DALAM dua edisi TEMPO terakhir (12-19 Agustus dan 20-26 Agustus) terdapat tiga tulisan tentang penyalahgunaan sarana internet yang menyangkut Indonesia. Dua tulisan tentang kemungkinan keterlibatan dua warga negara Indonesia dalam memasok bahan pornografi anak-anak ke suatu situs internet di Forth Worth, Texas, yang membuat agen-agen FBI Amerika Serikat sibuk menggerebek rumah pemilik situs porno tersebut dan sudah tentu ingin mencekik leher para pemasok gambar porno anak-anak, termasuk dua orang yang disebut orang Indonesia.
Tulisan lain adalah tentang kasus penyalahgunaan nama perusahaan jamu di internet oleh seorang pengusaha Indonesia.
Yang menarik dari ketiga tulisan tersebut adalah kesimpulan bahwa walaupun Indonesia sudah berkecimpung dalam dunia internet selama satu dasawarsa (lebih kurang 10 tahun) ternyata Indonesia belum memiliki peraturan perundang-undangan tentang internet (cyberlaw). Benarkah FBI Amerika Serikat tidak bisa masuk ke Indonesia kalau nanti ternyata dua orang yang memakai nama Indonesia tersebut, yang disebut-sebut sebagai pemasok gambar porno anak-anak, adalah benar warga negara Indonesia? Pantaskah perkara penyalahgunaan nama perusahaan jamu di internet hanya dipandang sebagai kasus pembajakan merek dagang dan cukup diselesaikan berdasarkan KUHP tapi juga telah menimbulkan perdebatan hukum yang panjang?
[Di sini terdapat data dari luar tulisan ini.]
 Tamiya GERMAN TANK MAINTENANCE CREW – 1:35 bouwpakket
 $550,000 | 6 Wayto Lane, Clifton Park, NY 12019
Meng-apa Singapura, yang hanya berpenduduk sekitar 3 juta jiwa, sejak 1998 sudah punya cyberlaw dan sudah pernah menghukum orang Indonesia karena membobol situs milik pemerintah Singapura? Bagaimana nanti kalau ada orang Batam atau orang Pasarminggu di Jakarta, umpamanya, secara iseng ataupun sengaja tiba-tiba punya situs porno yang benar-benar hot di internet, apakah juga cukup diselesaikan dengan KUHP?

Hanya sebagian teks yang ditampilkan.